2.6.3. Conclusions A detailed tsunami hazard assessment was conducted to identify applicable near-field and far-field tsunami sources and model wave propagation to the nearshore and inundation at MPS.

Four potential tsunamigenic sources were identified:

(a) a M9 earthquake that ruptures the PRT, (b) a M9 earthquake occurring at the Azores-Gibraltar convergence zone, (c) an extreme flank collapse of the CVV, and (d) a SMF on the continental slope directly south of the site. A summary of the results is presented in Table 2.6-6.

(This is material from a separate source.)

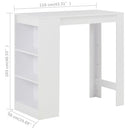 barbord med hylde 110x50x103 cm hvid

Simulations of wave propagation and inundation for each tsunamigenic source were performed on a series of nested grids using the FUNWAVE-TVD model. Inputs for modeling each of the simulations were based on existing published (and peer-reviewed) research. For the near-field (SMF) source, the NHWAVE model was used to first compute the water levels and currents based on slide motion. The generated waves were then propagated toward the coastline at MPS using FUNWAVE-TVD.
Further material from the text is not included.